是否可以实现一种算法来使用java中的递归查找单向链表的第n个到最后一个元素

Question

I know that you can simply solve this question iteratively by using a counter to increment each time you pass a node in linkedlist; also creating an arraylist and setting the data found with each node inside it. Once you hit the tail of the linkedlist, just minus the Nth term from the total number of elements in the arraylist and you will be able to return the answer. However how would someone perform this using recursion? Is it possible and if so please show the code to show your genius :).

Note: I know you cannot return two values in Java (but in C/C++, you can play with pointers :])

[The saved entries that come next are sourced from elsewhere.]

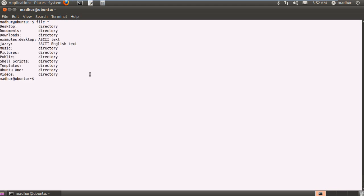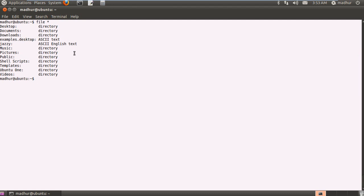When I press Enter, I see that all my folders and files are displayed in alphabetical order, and my system has displayed what each item in the folder is. Desktop is a directory, Documents is a directory, and Jazzy is the file we just created — it is an ASCII English text file. The file command is something you can use instead of ls, because it gives you information about the kind of files you have. File goes one step further and tells you what kind of text file you have — whether ASCII or a different encoding.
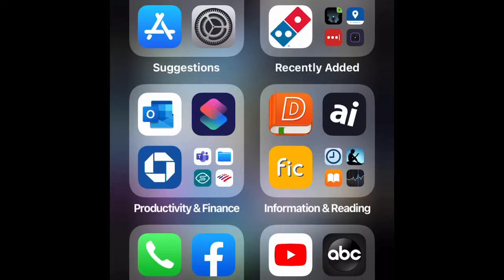Hi, today I'm going to show you how to create new Shortcuts by Apple. I'm going to show you how to create a shortcut that records a new voice memo without having to go into the Voice Memo app and start the recording yourself. So let's go to the Shortcuts app.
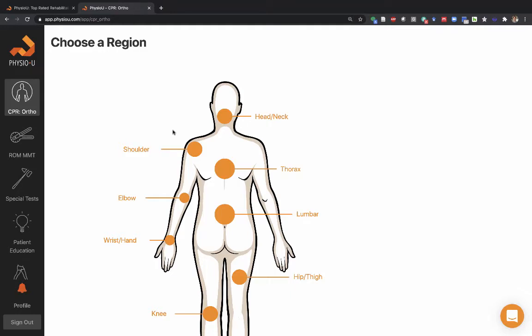We are talking about neck pain patterns today. Recognizing clinical patterns is an important part of becoming an expert.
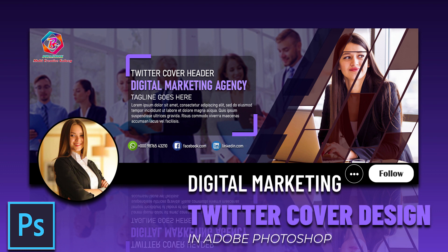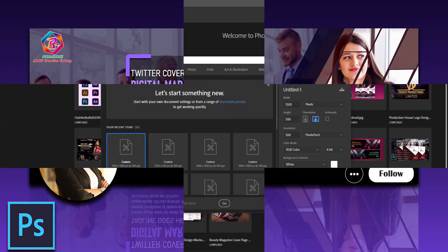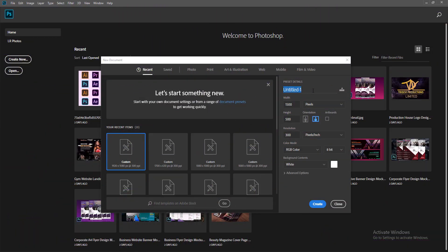Hello everybody, hope you are doing well. This is Swastik Acharya, the owner of Swastik MC Galaxy, and welcome back to my channel. Today I am here with a new design concept or tutorial with Adobe Photoshop, which is related to digital marketing or the digital marketing agency Twitter cover header design.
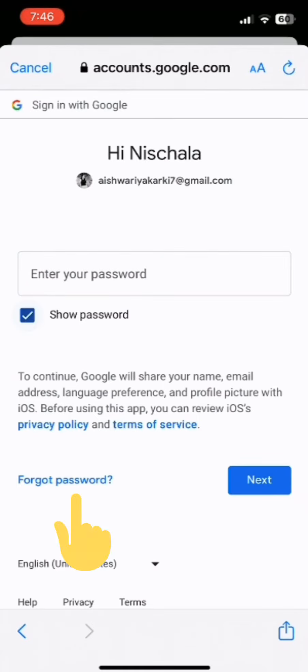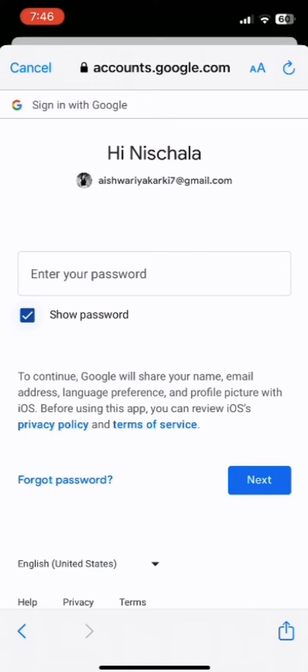You can click on forgot password and reset the password. Once you have entered your password, simply tap on next option and you will be successfully logged into your Gmail account. So this is how easily you can log into Gmail account.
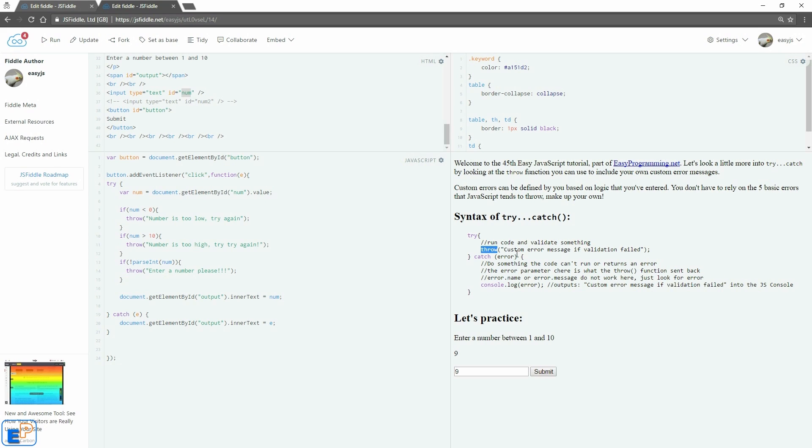This also helps me, helps remind myself what kind of data I was expecting when I wrote the code, because I may not use this script again for another three or four months. Well, anyway, that's all I have for the try catch block.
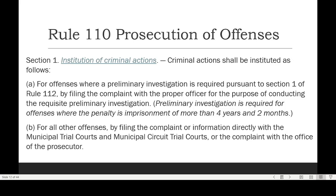Hello, welcome back to Criminal Procedure. Last video discussion we discussed about jurisdiction in criminal cases. Now let us proceed to the Criminal Procedure proper — the revised rules of Criminal Procedure. First in these rules is Rule 110 on the prosecution of offenses.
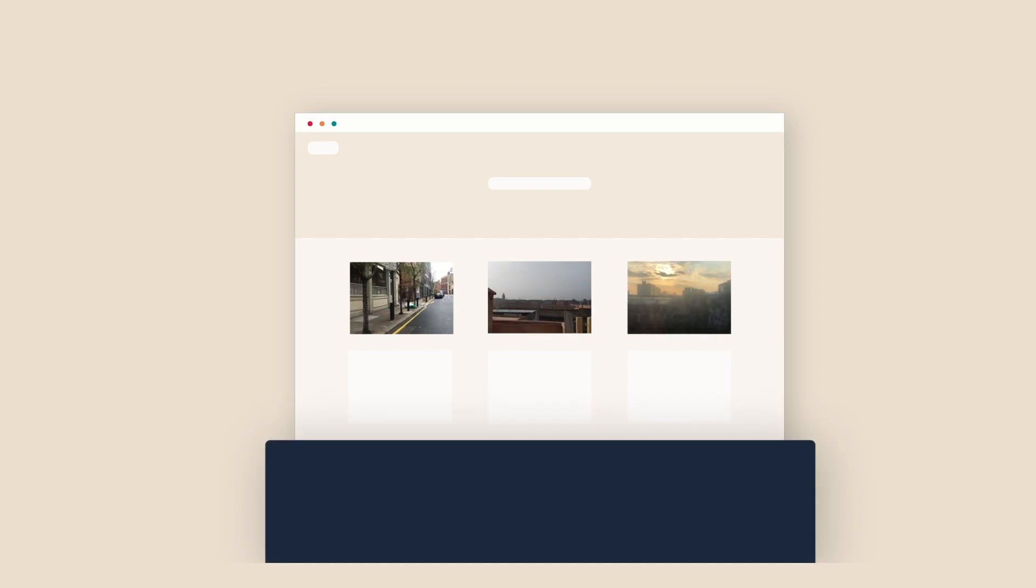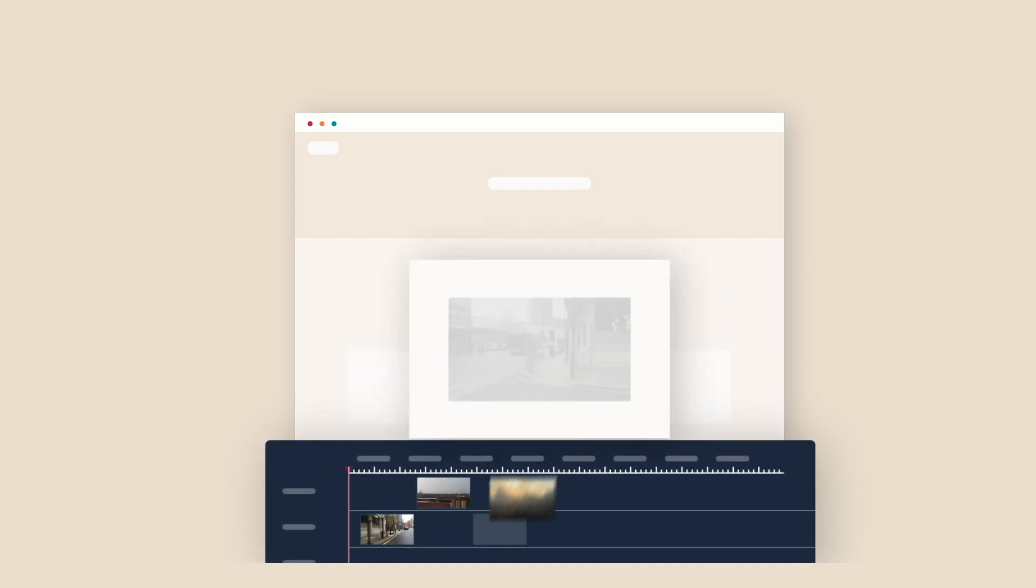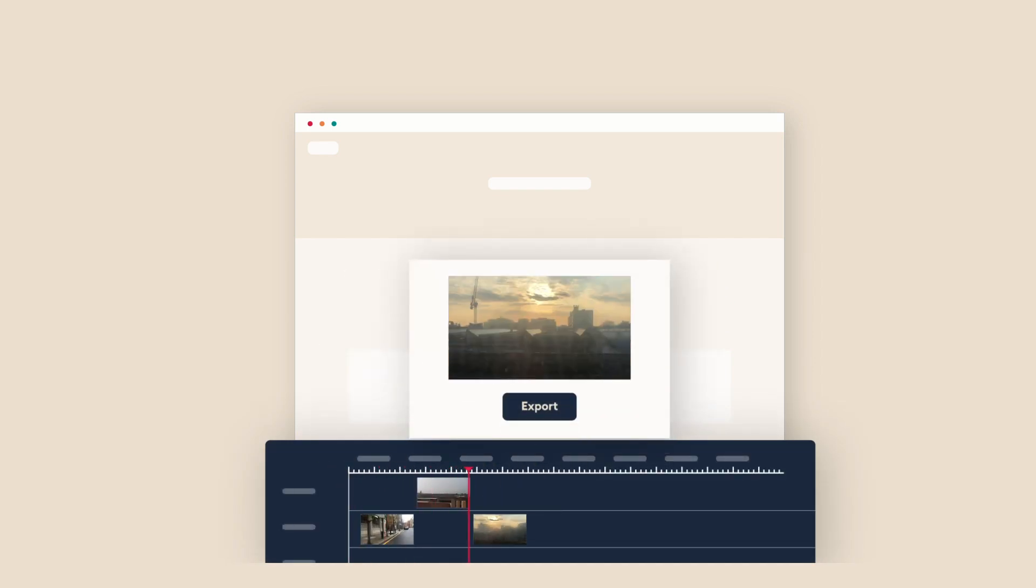Everything filmed is uploaded into the same place you created your brief. We call it the studio. From here, you can review and edit your content into a slick final piece.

Edit: This was a simple question I found online but I added the recursion piece to make it a challenge for myself which I've come to find out that it may be impossible with Java.

Answer 1

The trick is to do the work after the recursion. The array in the private method is basically used as a reference to a mutable integer.

class Node {
  Node next;
  int data;

  public Node findNthFromLast(int n) {
    return findNthFromLast(new int[] {n});
  }

  private Node findNthFromLast(int[] r) {
    Node result = next == null ? null : next.findNthFromLast(r);
    return r[0]-- == 0 ? this : result;  
  }
}

Answer 2

As a general rule, anything that can be done with loops can also be done with recursion in any reasonable language. The elegance of the solution may be wildly different. Here is a fairly java idiomatic version. I've omitted the usual accessor functions for brevity.

The idea here is to recur to the end of the list and increment a counter as the recursion unwinds. When the counter reaches the desire value, return that node. Otherwise return null. The non-null value is just returned all the way tot the top. Once down the list, once up. Minimal arguments. No disrespect to Adam intended, but I think this is rather simpler.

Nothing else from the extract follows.